The fuss over the mainly politically motivated use of headscarves in Parliament has started ebbing in Turkey, with neither a fear-driven pious outburst calling for a war against secularist hands “attacking” the Islamic dress code, nor the secular core of the country being put in much-anticipated danger. Under huge media spotlight, four women deputies of the ruling Justice and Development Party (AKP) appeared in a General Assembly session late last week. It was a test conducted by the government not only for the other opposition parties but also for the rest of the country that did not vote for them, amid fears of a banal campaign intimidating the other colors.
Now the show is over and the whole political spectrum of the country praises each other for being “mature enough” in a time of crisis, which was in fact an artificial one troubling Turkey for decades. The AKP government adopted a defiant position over the headscarf issue, and was also open to being victimized, which has worked well in terms of collecting votes up to now. Despite the fact that it often relies on symbols, particularly to make its main points as a strategy, the government appeared as if the women deputies with their headscarves in Parliament were not just woman deputies with their headscarves in Parliament, but also a new phase of the “new Turkey.”
While the women MPs with headscarves were heralded as a “victory” of the women’s rights struggle in Turkey by the pro-Kurdish Peace and Democracy Party (BDP) and its now junior offshoot the People’s Democratic Party (HDP), the right-wing Nationalalist Movement Party (MHP) labeled it as a move aiming to lure the electorate in a mainly conservative country. Nevertheless, the two arch-foe parties have finally found something in common over the headscarf issue, by implying that there are not against the use of Islamic dress code in Parliament.
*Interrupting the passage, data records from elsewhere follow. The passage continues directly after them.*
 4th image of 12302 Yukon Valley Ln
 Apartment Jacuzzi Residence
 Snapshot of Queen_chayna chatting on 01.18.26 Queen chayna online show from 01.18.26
The real winner was not the BDP-HDP brotherhood or their unwished-for alliance with the MHP, but the main opposition Republican People’s Party (CHP). Two speeches by two CHP deputies showed both the traditional rift with its bipolar old party, which has still not decided yet on its political leanings, and the party’s rare ability to survive and manage a crisis, despite the different voices within. Mostly similar to the other opposition parties, the CHP did not adopt a stance against the highly symbolic use of headscarves in Parliament and avoided an embarrassing scene, such as that in which an MP-elect woman with her headscarf was forced to leave Parliament more than a decade ago.
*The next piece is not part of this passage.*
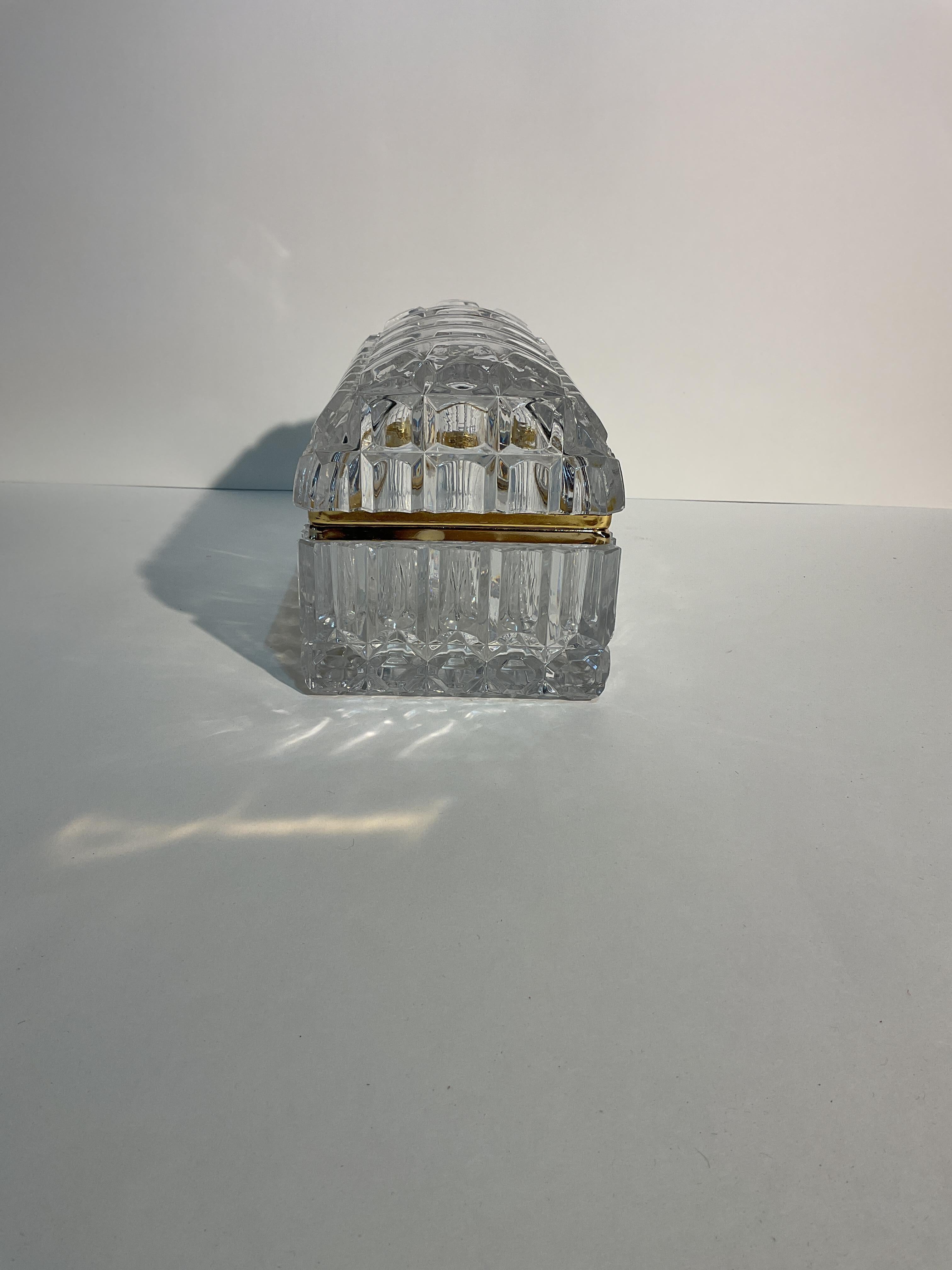 Boîte en cristal de style Baccarat Hollywood Regency en vente 2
In fact, there would not be any problem with the use of headscarves in the public as long as it is not imposed on those who prefer stay distant from the Islamic dress code. Even if there are some in Turkey who are at odds with seeing headscarves in public - and there are some - they would be scared to death to even say a single word against it, perhaps just voicing small murmurings. That is the real “change” introduced to Turkey by the AKP government in the past decade.
“If you have been intoxicated by arrogance, how can you hear the cry of the one who is not like you? … It is only our struggle to exist that prevents your self-built radical monster from conquering you,” were the astonishing words of CHP MP Şafak Pavey during her speech at Parliament, where the four AKP women MPs with headscarves sat. The real deal with the headscarf is not Islamic lifestyle, but the fact that other lifestyles feel threatened amid the fierce drive by the AKP government for a more conservative society and country. The survival fight of minority “others” is indeed the sole guarantee of strife for the majority “us,” and unless the government realizes this the prospects for political returns appear dim.
As during the anti-government protests in early summer, when it was not just about the trees that were sought to be razed in Istanbul’s Gezi Park, it is now not only about headscarved women, despite their growing trend for Islamic dress code recently. Those braving the police violence on the streets of Istanbul wanted to keep their small amount of green land in the heart of the city as well as ways of life, which have been systemically vilified by the government. Now very much the same part of Turkey wants not to be accused of being “defiled” just for their loose, different or non-existent religious beliefs or different origins, political, cultural or sexual preferences and ethnic backgrounds, while having no hostility with those who prefer to be or act in tendency with the official line.